Ontem domingo eu descansei, a la viennoise, ou seja aproveitando o dia para fujir do tumultuo da capital, e passear no campo. Habito tipicamente daqui numa cidade de 2 milhoes de pessoas onde tumultuo e transito se compara numa marginal pinheiros um domingo de manha, ou seja nada.
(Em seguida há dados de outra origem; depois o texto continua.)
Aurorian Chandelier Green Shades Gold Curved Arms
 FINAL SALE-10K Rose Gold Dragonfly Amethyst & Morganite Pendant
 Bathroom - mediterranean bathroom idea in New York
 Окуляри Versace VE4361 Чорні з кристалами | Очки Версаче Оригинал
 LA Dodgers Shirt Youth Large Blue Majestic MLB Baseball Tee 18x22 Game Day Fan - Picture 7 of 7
Mas tao perto de Vienna e num frio ja quase glacial, a natureza e a historia nos invadem.

Interessante como em vilarejos próximos da capital, surgem grandes réplicas religiosas agradecendo do fim da peste dos séculos 18. Não imaginamos como o continente europeu o passou por grandes epidemias naturais antes de se livrar as atrocidades belicosas das guerras. Mas umas matavam tantas como as outras.

E naturalmente o vinho curava tudo e ainda tem muitas propriedades vinícolas de vinho branco. So que um domingo, ta tudo morto, fechado, me lembrando meu período em Luxemburgo. Esses lugares sao feitos para vida familiar mas não para vida de solteiro sem cachorro. Eu iria morrer em silencio, precisando de alguma companhia de uma certa forma.

E tudo lindo, limpo , cosy mas tanto silencio. Prefiro então os monastérios que também existem perto de Vienna ate do seculo 13.

Lugares onde a vida monacal começa as 05:15 da manha ate as 20:30 com seis rezas e a partir da ultima oração das 20:30, e de rigor não falar mais.

Tanta beleza com tanto frio mas lugar otimo para meditaçao.

Ate chegar ate Mayerling, lugar traumático na história austríaca onde principe rudolf se suicidou com a sua amante.

Deu ate o tempo de ir ate Baden, outra cidade morta e quieta para caminhar nas ruas vazias e geladas com placas onde músicos famosos criarão suas obras geniais. Ou seja o frio e a solidão são geradores de grandes obras e inspirações.

E voltando a Vienna, no bairro de gridzing, nada melhor que comida tipicamente de la, com sopas, vienerschnitzel com batatas, apfelstrudel e um bom vinho branco.

E obviamente

Tanta comida mas bem merecida. Uma noite sem pesadelos nem pensando no trabalho sabatico, ate acordar pensando na proxima etapa, Paris, cheia de historias mau resolvidas, mau digeridas, num passado frances com sentimentos de exclusões e abandono . E coincidentemente a volta a França acontecendo antes do feriado de afinados mas no dia de Halloween, terrível festa na minha cabeça.

Será que eu conseguiria viver , morar, trabalhar em Paris. Estou num pensamento permanente sobre isso após somente dois anos de vida adulta na minha vida em Paris contra 18 anos de vida no Brasil. Vai ser sem duvida um assunto de meditação nos próximos dias que me acompanharão na minha maē patria.